Transforming the output byte array into a Blob results in file corruption

I am currently developing an Add-in for Word using Angular and the Office Javascript API.

My goal is to retrieve a Word document through the API, convert it to a file, and then upload it to a server via POST method.

The code I have implemented closely resembles the sample code provided by Microsoft in their documentation:

The server endpoint requires multipart form uploads, so I am creating a FormData object and appending the file (as a blob) along with some metadata when making the $http call.

Although the file is successfully transmitted to the server, upon opening it, I discovered that it was corrupted and could not be opened in Word.

After inspecting the output of Office.context.document.getFileAsync, I found that the returned byte array is converted into a string named fileContent. While console logging this string seems to show compressed data as expected.

My assumption is that there might be a preprocessing step required before converting the string to a Blob. However, attempts at Base64 encoding through atob did not yield any positive outcomes.
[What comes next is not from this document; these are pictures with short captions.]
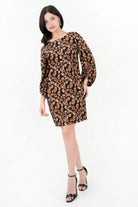 Vestido Corto Rayon Estampado Escote Ojal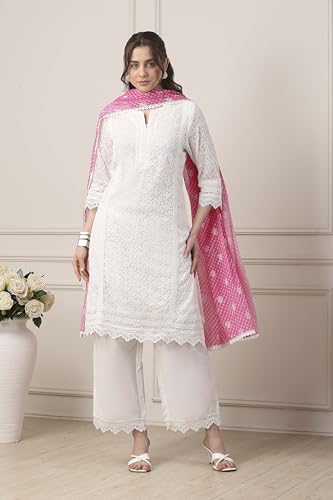 Biba Women White Cotton Straight Suit Set_38
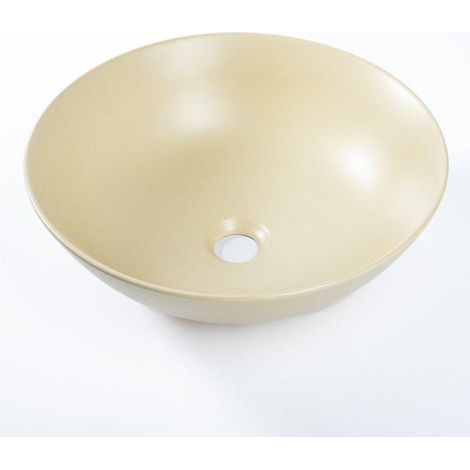 QeramiQ Dely Vasque - 40x40x15cm - ronde - céramique - beige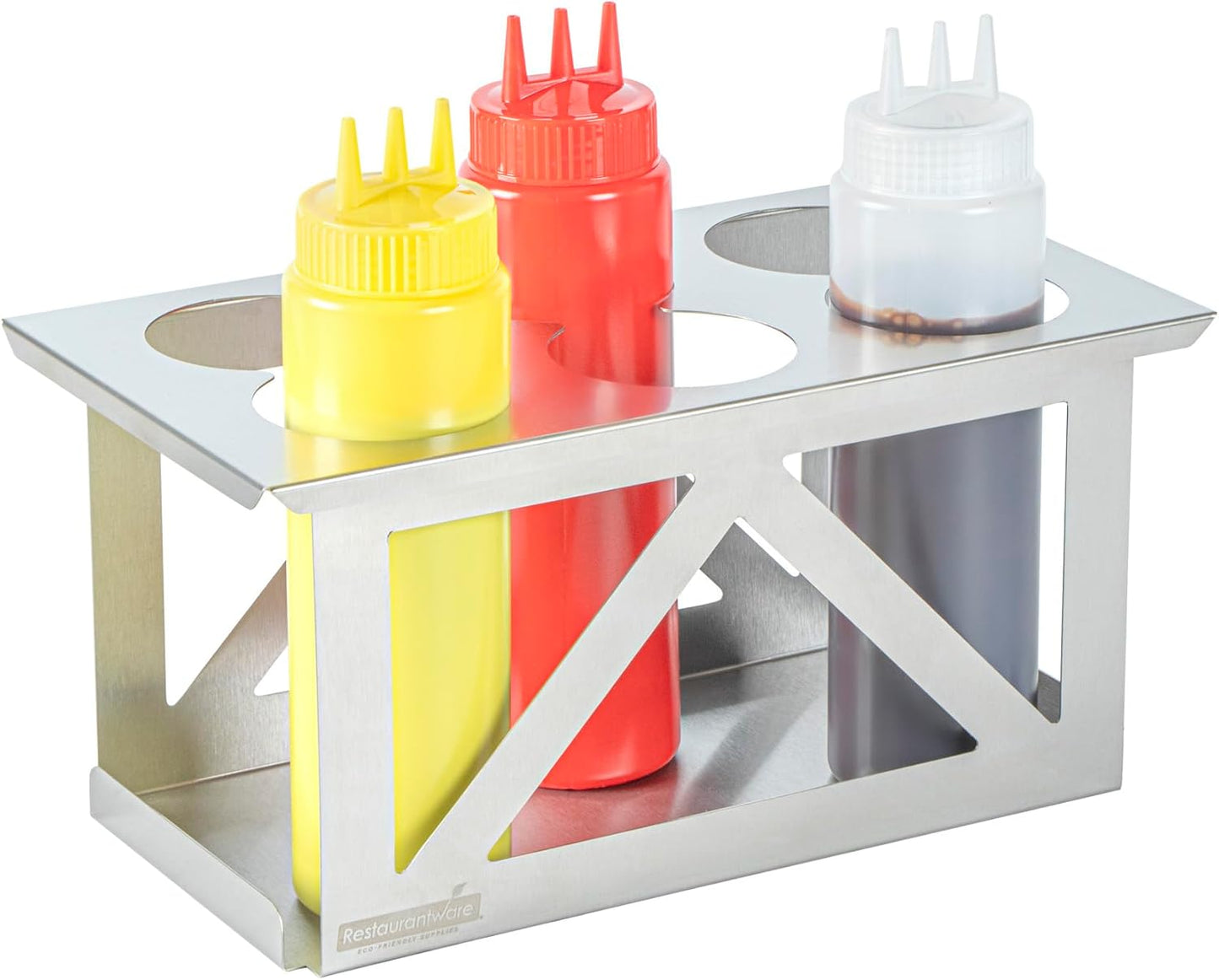 Restaurantware Stainless Steel Bottle Organizer - 1 Count - 6.299 x 7.087 x 0.394 Inches - Dishwasher-Friendly Condiment Holder - Kitchen Bottle Rack - Space-Saving Design - Silver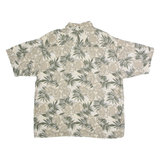 PURITAN Mens Hawaiian Shirt Beige Viscose 90s Floral XL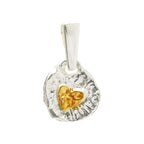 Pandantiv „Inimă aurie Love” din argint 925 cu accente aurii – amuletă handmade pentru iubire și lumină, bijuterie sculpturală în stil boho și rustic | Art Diva
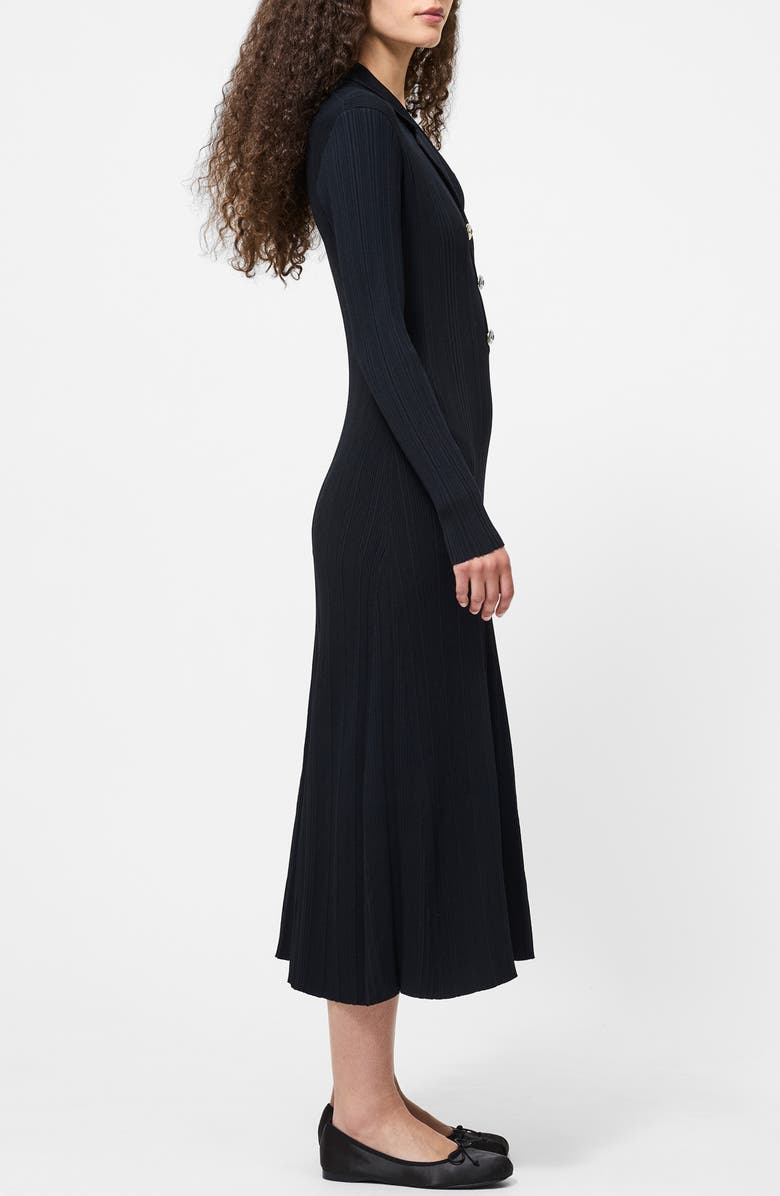 French Connection Long Sleeve Rib Knit Maxi Dress, Alternate, color, Black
let sendFile = (fileContent) => {

  let blob = new Blob([fileContent], {
      type: 'application/vnd.openxmlformats-officedocument.wordprocessingml.document'
    }),
    fd = new FormData();

  blob.lastModifiedDate = new Date();

  fd.append('file', blob, 'uploaded_file_test403.docx');
  fd.append('case_id', caseIdReducer.data());

  $http.post('/file/create', fd, {
      transformRequest: angular.identity,
      headers: {
        'Content-Type': undefined
      }
    })
    .success(() => {

      console.log('upload succeeded');

    })
    .error(() => {
      console.log('upload failed');
    });

};


function onGotAllSlices(docdataSlices) {

  let docdata = [];

  for (let i = 0; i < docdataSlices.length; i++) {
    docdata = docdata.concat(docdataSlices[i]);
  }

  let fileContent = new String();

  for (let j = 0; j < docdata.length; j++) {
    fileContent += String.fromCharCode(docdata[j]);
  }

  // Now all the file content is stored in 'fileContent' variable,
  // you can do something with it, such as print, fax...

  sendFile(fileContent);

}

function getSliceAsync(file, nextSlice, sliceCount, gotAllSlices, docdataSlices, slicesReceived) {
  file.getSliceAsync(nextSlice, (sliceResult) => {

    if (sliceResult.status === 'succeeded') {
      if (!gotAllSlices) { // Failed to get all slices, no need to continue.
        return;
      }

      // Got one slice, store it in a temporary array.
      // (Or you can do something else, such as
      // send it to a third-party server.)
      docdataSlices[sliceResult.value.index] = sliceResult.value.data;
      if (++slicesReceived === sliceCount) {
        // All slices have been received.
        file.closeAsync();

        onGotAllSlices(docdataSlices);

      } else {
        getSliceAsync(file, ++nextSlice, sliceCount, gotAllSlices, docdataSlices, slicesReceived);
      }
    } else {

      gotAllSlices = false;
      file.closeAsync();
      console.log(`getSliceAsync Error: ${sliceResult.error.message}`);
    }
  });
}

// User clicks button to start document retrieval from Word and uploading to server process
ctrl.handleClick = () => {

  Office.context.document.getFileAsync(Office.FileType.Compressed, {
      sliceSize: 65536 /*64 KB*/
    },
    (result) => {
      if (result.status === 'succeeded') {

        // If the getFileAsync call succeeded, then
        // result.value will return a valid File Object.
        let myFile = result.value,
          sliceCount = myFile.sliceCount,
          slicesReceived = 0,
          gotAllSlices = true,
          docdataSlices = [];

        // Get the file slices.
        getSliceAsync(myFile, 0, sliceCount, gotAllSlices, docdataSlices, slicesReceived);

      } else {

        console.log(`Error: ${result.error.message}`);

      }
    }
  );
};

Answer №1

In my approach, I used the fileContent string to generate an array of bytes:

let bytes = new Uint8Array(fileContent.length);

for (let i = 0; i < bytes.length; i++) {
    bytes[i] = fileContent.charCodeAt(i);
}

These bytes were then used to create a Blob:

let blob = new Blob([bytes], { type: 'application/vnd.openxmlformats-officedocument.wordprocessingml.document' });

Sending this Blob via a POST request resulted in a file that could be opened correctly by Word.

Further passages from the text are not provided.